**WHAT TO PRODUCE:**
With the pictures excluded, reproduce all of the data exactly.

**GIVEN MATERIAL:**
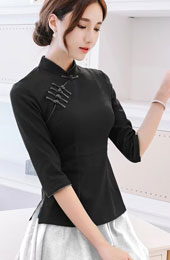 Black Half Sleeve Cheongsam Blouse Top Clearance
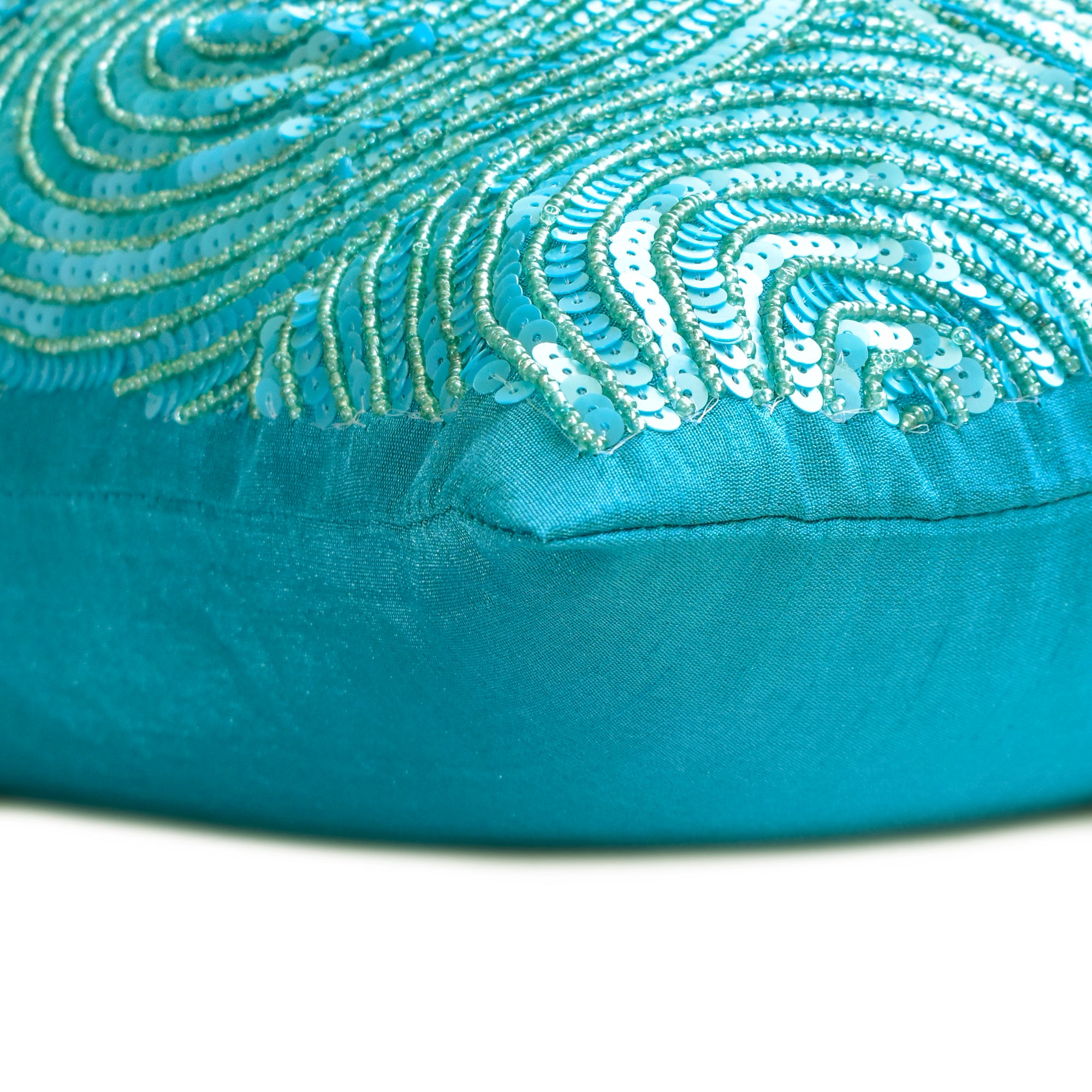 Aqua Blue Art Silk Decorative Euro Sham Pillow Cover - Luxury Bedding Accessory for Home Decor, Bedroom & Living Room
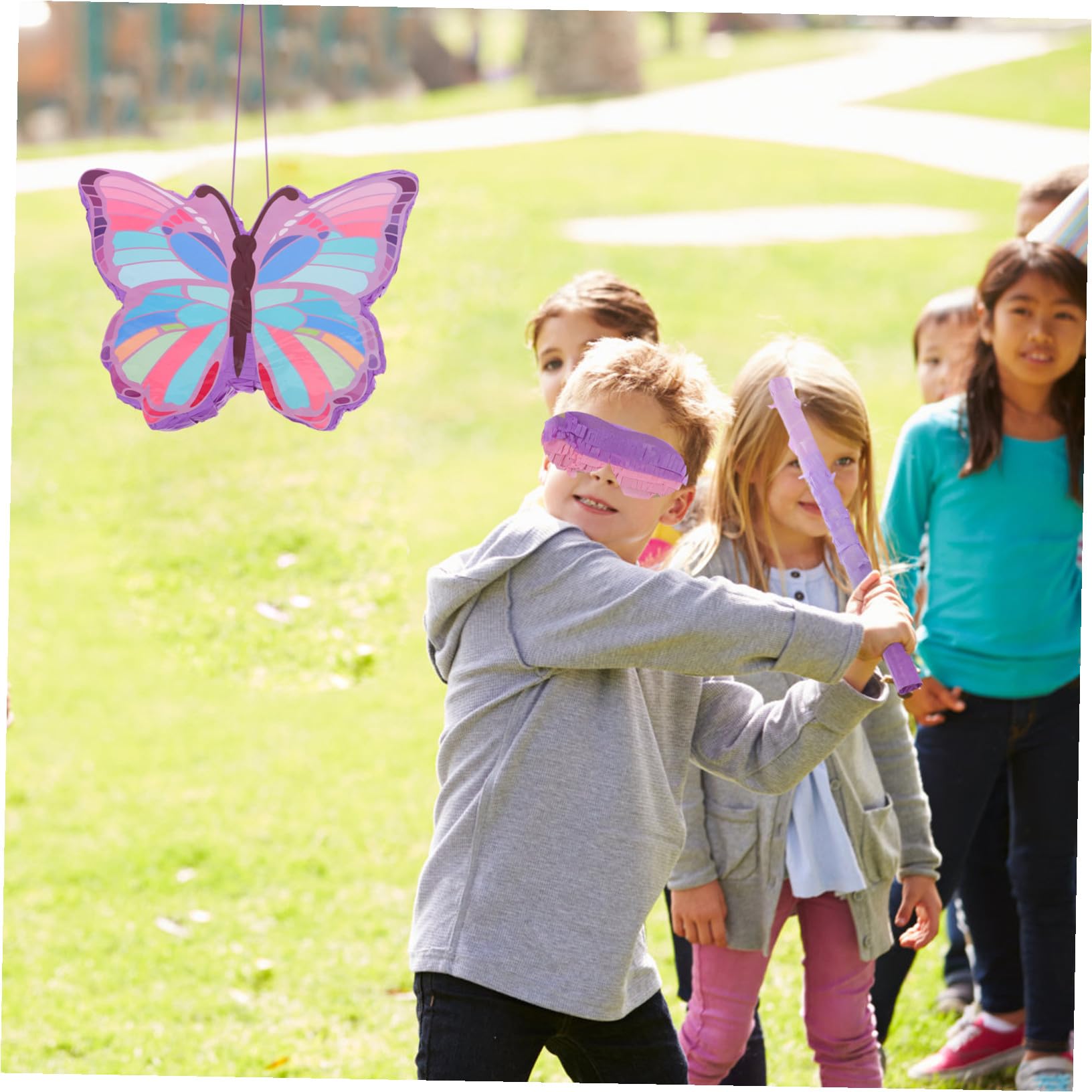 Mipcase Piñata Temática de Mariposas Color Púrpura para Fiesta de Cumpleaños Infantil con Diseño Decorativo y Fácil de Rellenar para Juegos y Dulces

**ANSWER SECTION:**
 Black Half Sleeve Cheongsam Blouse Top Clearance
 Aqua Blue Art Silk Decorative Euro Sham Pillow Cover - Luxury Bedding Accessory for Home Decor, Bedroom & Living Room
 Mipcase Piñata Temática de Mariposas Color Púrpura para Fiesta de Cumpleaños Infantil con Diseño Decorativo y Fácil de Rellenar para Juegos y Dulces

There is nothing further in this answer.